The 0.05 percent income tax cut, worth a collective $100 million to $120
million to Massachusetts taxpayers, was on track for January 1 but now
appears unlikely because soaring inflation has cut into “baseline” tax
revenue growth in fiscal 2008 over fiscal 2007, according to state
financial disclosure documents.
The federal Bureau of Labor Statistics reported this month that the
Boston-area consumer price index for July 2008 surged 6.3 percent over
the July 2007 level. After adjusting for inflation, fiscal 2008 tax
revenue growth of $1.15 billion, or 5.8 percent, dips close to 0
percent, less than the 2.5 percent growth rate needed to trigger a rate
cut.
The Department of Revenue is expected to finalize its calculations later
this week, but “at this time there appears to be insufficient
inflation-adjusted revenue growth” to trigger the tax cut, according to
the state documents.
If triggered, the tax cut would mean $11 a year for a single, renter
filer with income of $33,000 a year, $32 for a married couple with no
kids earning $76,000 a year, and $41 for a married, homeowner couple
earning $104,500 a year with two children, according to estimates
provided by the state Department of Revenue.

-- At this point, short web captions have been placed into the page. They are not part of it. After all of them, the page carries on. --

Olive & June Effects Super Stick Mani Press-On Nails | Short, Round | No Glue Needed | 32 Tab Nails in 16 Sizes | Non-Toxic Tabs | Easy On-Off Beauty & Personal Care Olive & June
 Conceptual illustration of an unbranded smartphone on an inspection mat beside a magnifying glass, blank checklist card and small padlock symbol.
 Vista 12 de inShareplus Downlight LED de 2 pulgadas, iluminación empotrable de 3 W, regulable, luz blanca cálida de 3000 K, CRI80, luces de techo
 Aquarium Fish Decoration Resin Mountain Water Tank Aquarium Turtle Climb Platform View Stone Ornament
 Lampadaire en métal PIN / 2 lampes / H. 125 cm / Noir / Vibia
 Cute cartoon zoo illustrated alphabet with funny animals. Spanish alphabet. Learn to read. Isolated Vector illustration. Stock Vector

With Gov. Paul Cellucci leading proponents and promoting savings of $500
a year for the average working family, supporters of the 2000 ballot
question to cut the income tax rate prevailed by a 56-37 margin, while
the new law to encourage charitable donations passed 67 to 26 percent
that year.
Legislative leaders said Monday they were unaware that the income tax
trigger was set up for a miss, and said the state would not revisit the
statute to force the reduction.
Senate President Therese Murray said the Legislature was prepared to
come back in November, but to grant expanded budget-cutting powers to
Gov. Deval Patrick.
“I thought that we were going to actually hit that trigger,” Murray
said. “That means the economy did not do very well in this past year. We
know it’s not going to do well in this next fiscal year. It’s going to
be very, very tough. We’ll be revisiting our budget probably in the late
fall. And [fiscal year 2010] is going to be really bad.”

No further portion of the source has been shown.